### Records for the task ###
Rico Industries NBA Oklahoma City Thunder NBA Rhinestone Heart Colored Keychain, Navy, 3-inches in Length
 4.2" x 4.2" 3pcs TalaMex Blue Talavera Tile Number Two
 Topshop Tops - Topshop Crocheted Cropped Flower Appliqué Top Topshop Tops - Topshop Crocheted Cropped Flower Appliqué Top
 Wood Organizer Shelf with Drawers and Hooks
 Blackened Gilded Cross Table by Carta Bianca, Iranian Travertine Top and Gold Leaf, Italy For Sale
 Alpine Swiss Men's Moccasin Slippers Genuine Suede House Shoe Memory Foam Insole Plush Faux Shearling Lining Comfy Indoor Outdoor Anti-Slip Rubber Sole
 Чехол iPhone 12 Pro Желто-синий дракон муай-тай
###
Exercise objective: Starting at the line that contains "Appliqué Top Topshop", output each remaining line of the listing, the last line included, exactly as it appears.

Solved exercise:
 Topshop Tops - Topshop Crocheted Cropped Flower Appliqué Top Topshop Tops - Topshop Crocheted Cropped Flower Appliqué Top
 Wood Organizer Shelf with Drawers and Hooks
 Blackened Gilded Cross Table by Carta Bianca, Iranian Travertine Top and Gold Leaf, Italy For Sale
 Alpine Swiss Men's Moccasin Slippers Genuine Suede House Shoe Memory Foam Insole Plush Faux Shearling Lining Comfy Indoor Outdoor Anti-Slip Rubber Sole
 Чехол iPhone 12 Pro Желто-синий дракон муай-тай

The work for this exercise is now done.